Mais qui sont les spécialistes qui devraient se pencher au chevet des enfants perdus à l’école, si ce n’est leurs professeurs ? Donc le problème est mal posé par le candidat de l’UMP : il faudrait d’accord comprendre pourquoi l’école ne sait pas s’y prendre avec tant d’élèves.

Rappelons que le dysfonctionnement ne concerne pas une petite minorité d’enfants, mais 40% d’une classe d’âge, ce qui est un gâchis considérable. "Quatre écoliers sur dix, soit environ 300 000 élèves, sortent du CM2 avec de graves lacunes. (...) Près de 200 000 d'entre eux ont des acquis fragiles et insuffisants en lecture, écriture et calcul ; plus de 100 000 n'ont pas la maîtrise des compétences de base dans ces domaines." (Haut Conseil de l'éducation, 2007).
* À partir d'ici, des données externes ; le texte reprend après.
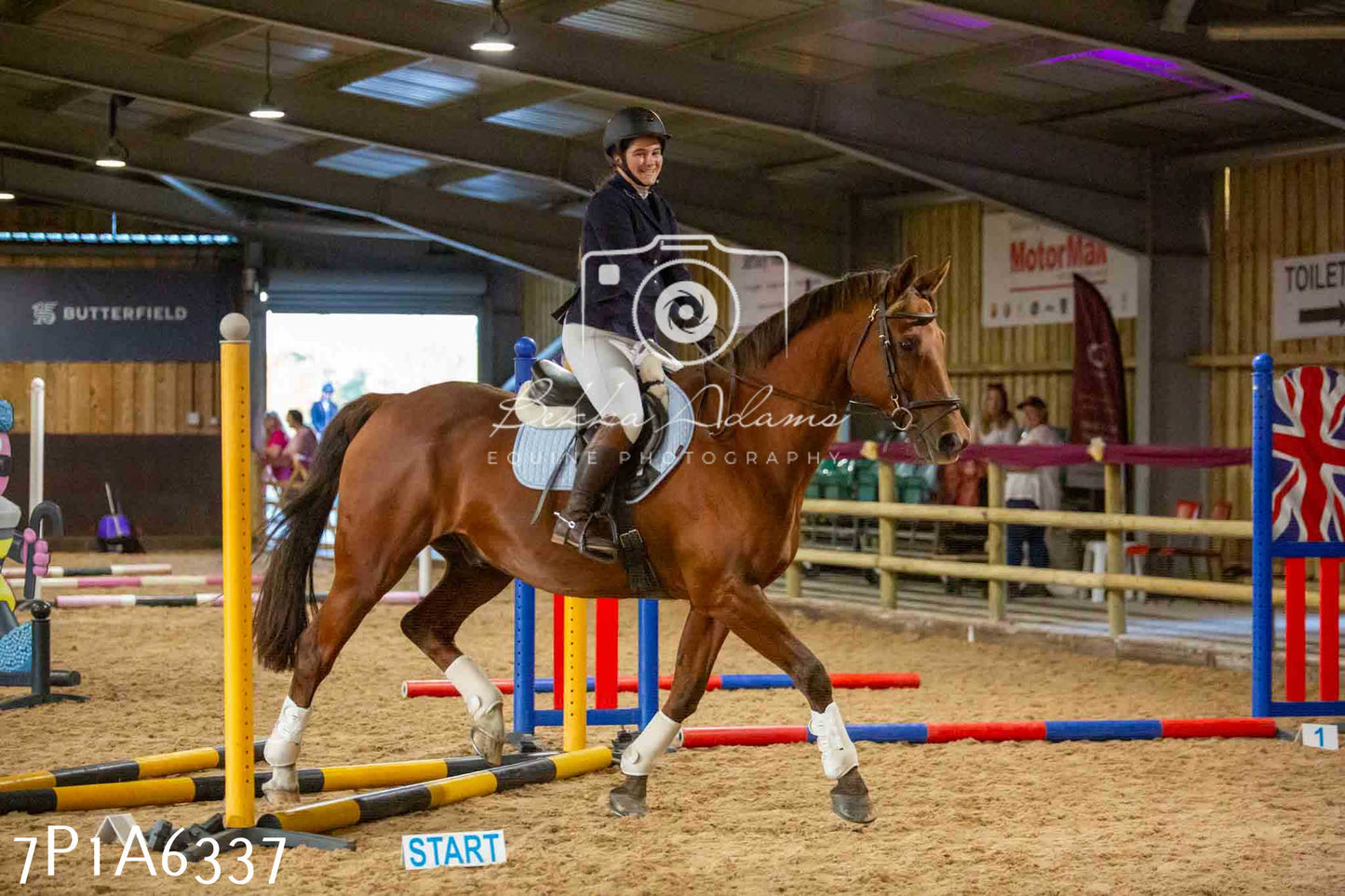 JHOYS 2023 - 14th September - Show Jumping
Du coup, 150 000 jeunes sont éjectés du système éducatif chaque année, sans rien avoir obtenu, pas de diplôme ni de qualification, si ce n’est une mauvaise opinion des adultes et d’eux-mêmes, sans parler de tous ceux qui sont maintenus en état de respiration scolaire artificielle. On peut donc parler d’un dysfonctionnement structurel majeur.
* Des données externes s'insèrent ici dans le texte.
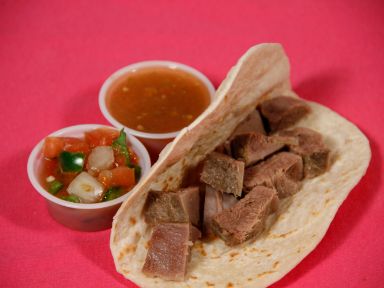 55. Lengua Taco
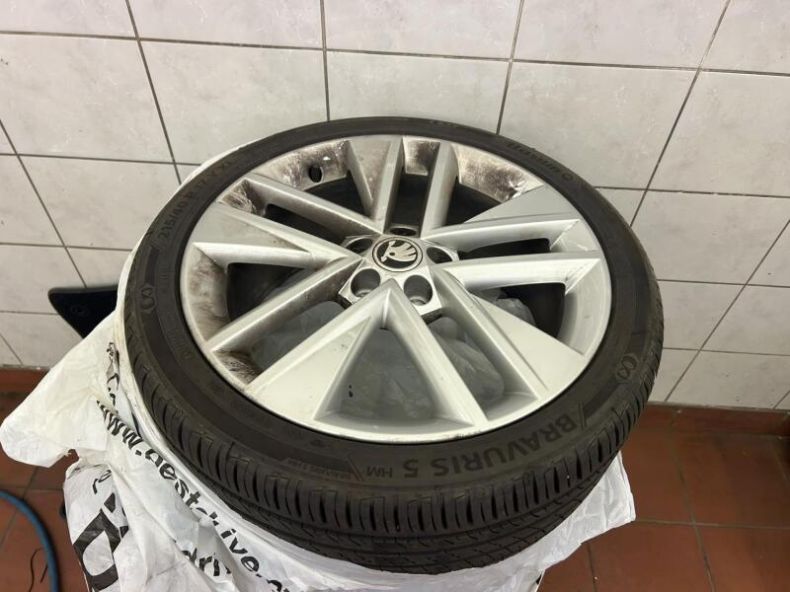 Škoda Fabia - hlavní fotka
Contrairement à ce que croit Jean-Louis Borloo, qui inspire maintenant Nicolas Sarkozy, la grande majorité de ces enfants n’a pas besoin d’orthophonistes ou de soutien scolaire le soir ! Ils n’y arrivent déjà pas dans la journée (ni eux, ni leurs profs d’ailleurs), et il faudrait infliger à chacun, élève comme prof, des heures supplémentaires de souffrance ?
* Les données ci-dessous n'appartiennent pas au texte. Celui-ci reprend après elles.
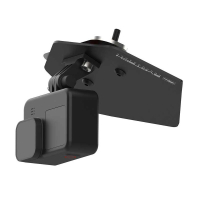 EP BMW M 1000 RR SUPPORT CAMERA ORIENTE ARRIERE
Je renvoie ici dos à dos Borloo, et ces enseignants qui refusent de se remettre en cause et écrivent ici ou là (sur le blog d’un journal concurrent) qu’il faut « une vraie réflexion sur le faisceaux des mécanismes interconnectés qui intervient dans l'échec scolaire. Il faut donner une réponse à chaque difficulté (dyslexie, lenteur d'apprentissage, blocage psychologique dû à une approche personnelle) et mettre des moyens adéquats pour ceux qui n'ont pas les acquis minimaux au collège ». Bla bla, bla bla, probablement d’un prof, ou d’un psychologue.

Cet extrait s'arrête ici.